[Directions for this task] Write out the data exactly, please, and omit the pictures.

[Input data]
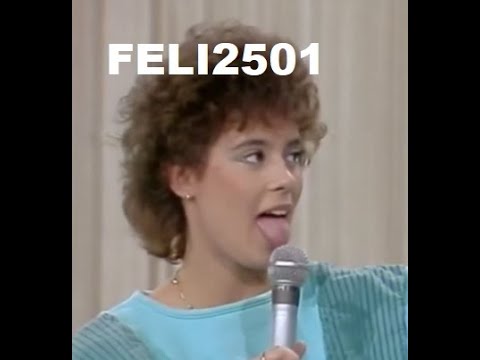 Barbara Boncompagni - Notte e giorno (video 1983)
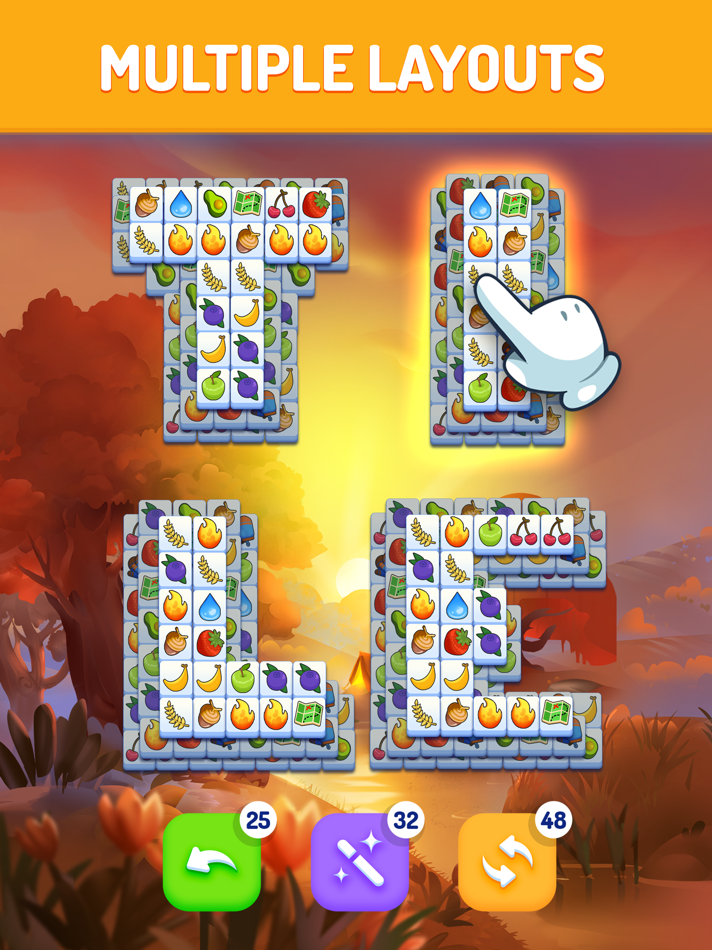 #4. Triple Tile: Match Puzzle Game (iOS) 게시자: Tripledot Studios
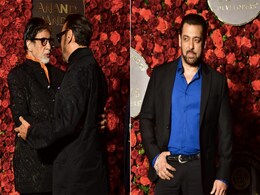 Amitabh Bachchan-Jackie Shroff, Salman Khan And Others At Anand Pandit's 60th Birthday Bash Amitabh Bachchan-Jackie Shroff, Salman Khan And Others At Anand Pandit's 60th Birthday Bash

[Reply to the exercise]
 Barbara Boncompagni - Notte e giorno (video 1983)
 #4. Triple Tile: Match Puzzle Game (iOS) 게시자: Tripledot Studios
 Amitabh Bachchan-Jackie Shroff, Salman Khan And Others At Anand Pandit's 60th Birthday Bash Amitabh Bachchan-Jackie Shroff, Salman Khan And Others At Anand Pandit's 60th Birthday Bash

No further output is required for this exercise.